CHAPTER 61
EON
Istared down through the jagged hole in the server room floor, my heart thundering against my ribs. Cy lay motionless among the debris, his implants still glowing faintly beneath his skin. I sent out a small pulse to him, and they responded in kind. He was unconscious, but alive.
Ironically, down in that pit was probably the safest place for him, with nowhere left to fall as everything around me continued to shift and overload. The small part of me fighting through the Vector haze was comforted by that.
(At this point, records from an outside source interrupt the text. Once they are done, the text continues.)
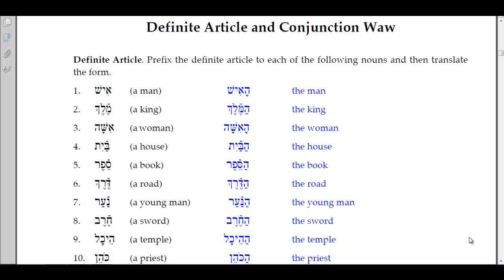Welcome to Biblical Hebrew. We're going to be going through lesson 5 workbook homework today on the definite article and the conjunction. The grammar book gives you the knowledge; the workbook gives you the understanding. The main thing I'm concentrating on is that you understand the principles, understand what to look for, how to pronounce it, and now we're working on translation.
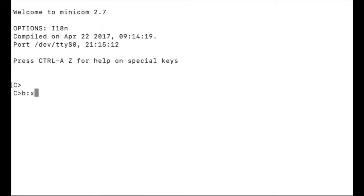I'll run Xmodem off the B drive, receive mode with checksums forced, and I'll just make up a name.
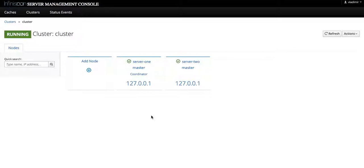Now recall that the InfiniSpan server has two main operational modes: standalone and domain mode. In domain mode we can use a domain controller to issue management commands to host controller nodes.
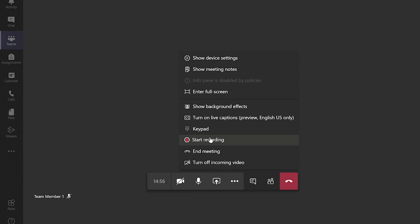To stop the recording click on the three dots again and click stop recording. You will then need to confirm the action by clicking on the confirmation window. The recording will then start to be saved into Microsoft streams and it can then be posted on your team's general channel for everyone to review again after the meeting.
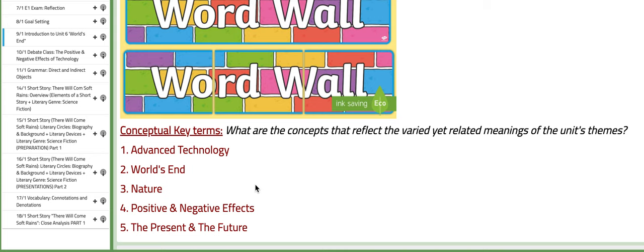So the key concepts or key terms in reference to this unit are advanced technology, world's end, nature, that's for sure.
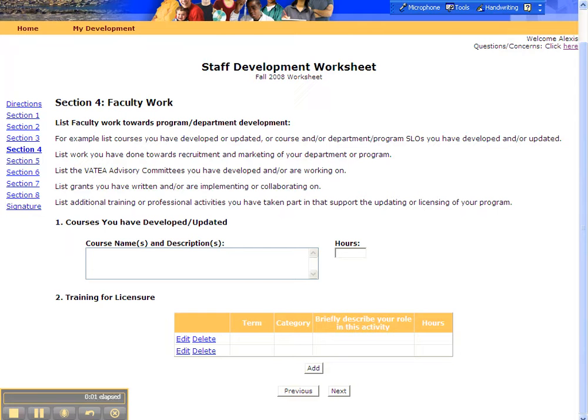This video is the last in the series and it will show you how to complete the Staff Development Worksheet.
A structural support beam groaned overhead, bringing me back to reality. The server was destabilizing rapidly, our battle having triggered cascading failures throughout the system.
DITA’s voice crackled in my ear, finally reconnecting. “Eon, your Flux readings are off the charts. What happened?”
“Cy,” I choked out, my voice hoarse from the ozone-thick air. “He found me.”
“Is he—”
“No. He’s fine.” I tore my gaze from the hole. “Where are Taos and Deacon?”
“Level B3, approaching the primary Stellarium junction. Their comms are silent.”
I cursed under my breath. I could feel the building’s infrastructure like a living thing—its power conduits trembling with instability, relay nodes flickering like dying neurons.
“DITA, run a simulation. If they overload the Stellarium lines under these conditions—”
“Processing.” A pause that stretched too long. “Eon, this is…different from Green District. The infrastructure decay here is extensive. Preliminary calculations indicate a chain reaction affecting residential power grids within a three-kilometer radius.”
“How many casualties?”
“Estimated civilian casualties: ten to fifty thousand. Potentially higher, given the time of night.”
My stomach dropped. “They don’t know what they’re doing.”
I started running, navigating the labyrinth of failing servers. Sparks showered from overhead conduits, the magenta glow of exposed Stellarium pipes pulsing like a dying heartbeat.
The emergency stairwell was half-collapsed, forcing me to leap between broken sections. My enhanced reflexes made it possible, but barely. Three levels down, the air changed—hotter, damper, the persistent hum of the power distribution network vibrating through the concrete.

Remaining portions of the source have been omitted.